Das ist gar nicht so einfach. Wir haben im Stadtrat unsere monatliche Vollversammlung, die oft länger als 16 Uhr dauert. Ich hoffe, dass wir in dem speziellen Fall vielleicht etwas zügiger vorgehen. Aber es wird knapp – ich hoffe also auf keine lange Nachspielzeit, obwohl die für Deutschland ja zuletzt gegen Schweden absolut super gelaufen ist . . .

-Gehen Sie, sollte alles rechtzeitig bereit sein, zum Public Viewing – oder sind Sie lieber Typ Couch?

Es kommt drauf an, ob noch Zeit ist, heimzufahren. Prinzipiell mag ich beides. Es ist ab und zu schön, unter vielen Leuten fachzusimpeln – wenn man das so nennen kann (lacht). Und auf der Couch zuhause hat man halt Ruhe.

-In diesem Fall geht es im Rathaus ja nicht um die Verteilung Rot/Blau, Bayern oder 1860 – werden die Stadträte drängen, um fertig zu werden? Und ist im Rathaus ab 15 Uhr generell keiner mehr anzutreffen?

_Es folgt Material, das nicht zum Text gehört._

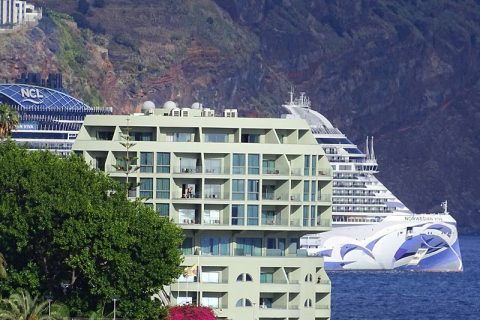 NCL Ship Departing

Also wirklich alle Kolleginnen und Kollegen drängeln eher nicht, habe ich den Eindruck. Aber natürlich zieht ein Spiel der Nationalelf bei einer WM beide Fan-Lager vereint und zu gleichen Teilen in seinen Bann. Und das ist schon der Großteil. Bei der Belegschaft ist es so, dass die gleitenden Arbeitszeiten es möglich machen, rechtzeitig zum Spiel vor einem Fernseher zu sitzen. Wo der Parteiverkehr auch am Nachmittag nötig ist, läuft er freilich weiter. Aber ab 16 Uhr glaube ich wird – wie bei vielen privaten Unternehmen – eher weniger los sein, weil so ziemlich jeder die Partie verfolgen will.

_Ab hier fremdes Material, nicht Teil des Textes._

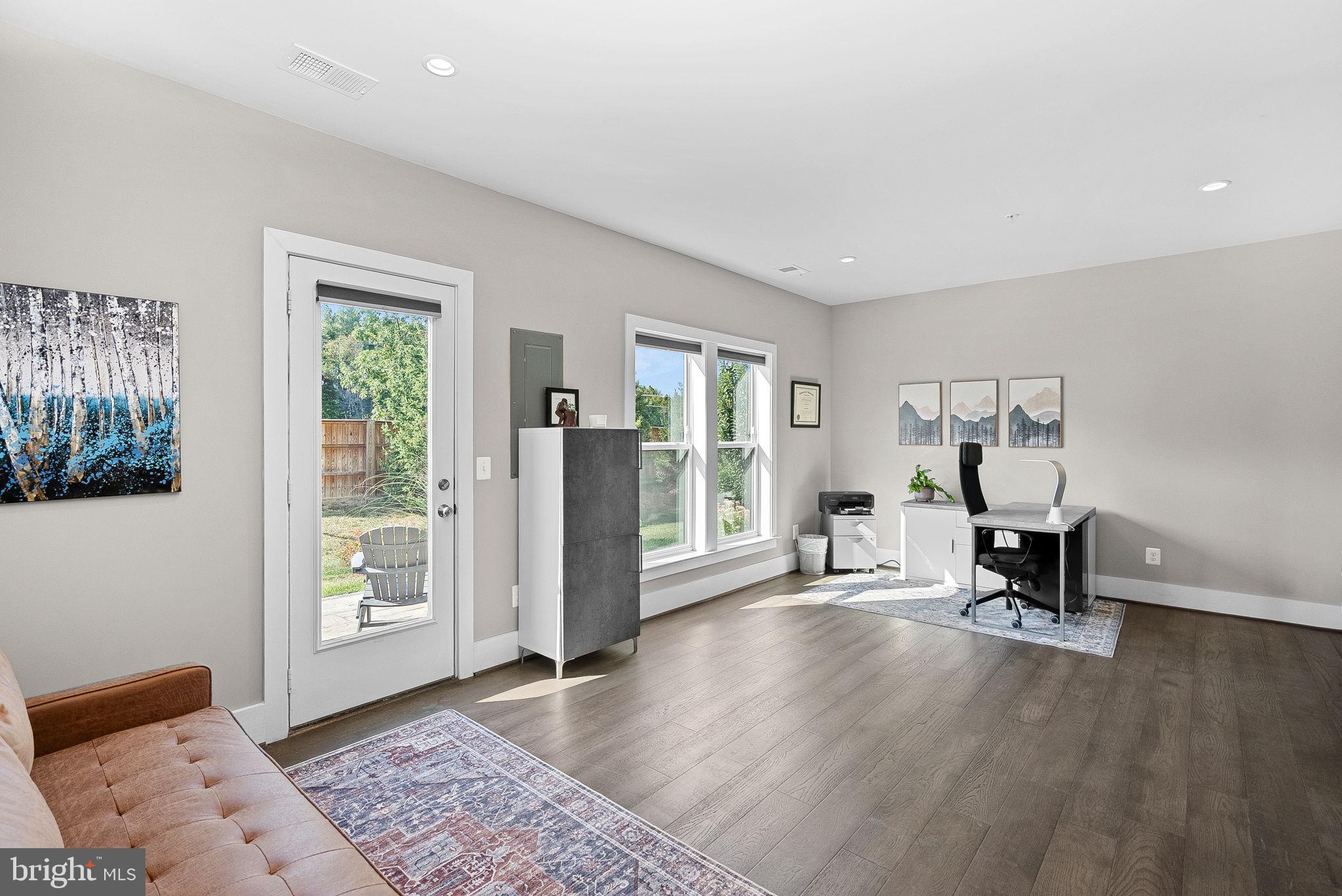 ASHBURN OVERLOOK - Residential Lease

-Zählt der Münchner OB vor einem Länderspiel erstmal die Spieler des FC Bayern – Sie sind erklärter Fan der „Roten“ – durch?

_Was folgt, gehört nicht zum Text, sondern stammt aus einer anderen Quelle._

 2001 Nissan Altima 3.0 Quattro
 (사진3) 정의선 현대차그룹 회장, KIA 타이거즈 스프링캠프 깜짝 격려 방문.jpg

(lacht) Nein, soweit geht es wirklich nicht. Das macht ja keinen Sinn. Da schaut man nicht als Fan eines Vereins, sondern als deutscher Fußball-Fan. Allerdings war ich zum Beispiel überrascht, als gegen Schweden Antonio Rüdiger statt Niklas Süle auflief. Das war aber nicht, weil Süle bei Bayern spielt, sondern einfach, weil ich finde, er hätte gut zu Jerome Boateng gepasst. Rüdiger spielte dann auch gar nicht so gut, finde ich, vielleicht denkt Joachim Löw da gegen Südkorea um.

-Sie haben selber gekickt; beim FC Wacker und beim FC Ludwigsvorstadt – als Libero seinerzeit.

Ja. Ich war etwas lauffaul, Libero war also der ideale Job für mich. Franz Beckenbauer hat mir das bestätigt, dass das schon immer eine traumhafte Position gewesen ist. Ich war einigermaßen ballsicher und mit meinen 1,90 Meter stand ich hinten ganz verlässlich. Diese Rolle gibt es ja heute gar nicht mehr – ich war immer mindestens fünf Meter hinter meinem Vorstopper, auf Abseits hätten wir niemals spielen können, das hab’ immer spätestens ich aufgehoben (lacht). Die Zahl meiner Tore hielt sich auch in sehr überschaubaren Grenzen.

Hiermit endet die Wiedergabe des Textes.